Start of DATA EXTRACT

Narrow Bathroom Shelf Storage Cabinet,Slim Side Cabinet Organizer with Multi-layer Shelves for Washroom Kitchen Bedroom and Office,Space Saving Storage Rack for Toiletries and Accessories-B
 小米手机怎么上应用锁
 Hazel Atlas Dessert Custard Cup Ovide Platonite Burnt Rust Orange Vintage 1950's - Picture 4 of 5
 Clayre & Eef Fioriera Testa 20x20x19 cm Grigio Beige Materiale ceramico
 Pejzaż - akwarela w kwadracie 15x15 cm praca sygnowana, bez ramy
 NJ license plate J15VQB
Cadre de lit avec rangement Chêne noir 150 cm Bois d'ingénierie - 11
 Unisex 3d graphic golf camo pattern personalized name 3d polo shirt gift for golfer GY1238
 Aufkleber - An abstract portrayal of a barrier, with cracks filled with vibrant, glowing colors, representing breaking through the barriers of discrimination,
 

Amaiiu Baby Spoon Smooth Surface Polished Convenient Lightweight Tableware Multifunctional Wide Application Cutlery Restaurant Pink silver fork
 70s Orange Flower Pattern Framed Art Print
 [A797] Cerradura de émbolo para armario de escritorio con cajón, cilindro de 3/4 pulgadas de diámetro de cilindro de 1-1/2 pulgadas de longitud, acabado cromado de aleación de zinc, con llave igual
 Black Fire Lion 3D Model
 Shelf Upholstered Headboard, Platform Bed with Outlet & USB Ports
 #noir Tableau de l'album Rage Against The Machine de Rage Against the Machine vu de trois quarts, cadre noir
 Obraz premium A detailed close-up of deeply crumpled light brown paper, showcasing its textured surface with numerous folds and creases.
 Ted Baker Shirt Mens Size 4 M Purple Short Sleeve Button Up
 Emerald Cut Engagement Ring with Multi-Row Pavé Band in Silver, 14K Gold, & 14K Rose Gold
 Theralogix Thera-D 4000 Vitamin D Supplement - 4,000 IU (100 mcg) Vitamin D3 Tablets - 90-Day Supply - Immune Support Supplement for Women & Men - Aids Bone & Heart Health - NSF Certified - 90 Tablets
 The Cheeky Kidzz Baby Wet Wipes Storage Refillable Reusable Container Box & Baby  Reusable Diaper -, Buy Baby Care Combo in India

End of DATA EXTRACT

YOUR TASK: Wherever the string "noir" appears in the entries above, return the line it appears on.

RESULT:
Cadre de lit avec rangement Chêne noir 150 cm Bois d'ingénierie - 11
 #noir Tableau de l'album Rage Against The Machine de Rage Against the Machine vu de trois quarts, cadre noir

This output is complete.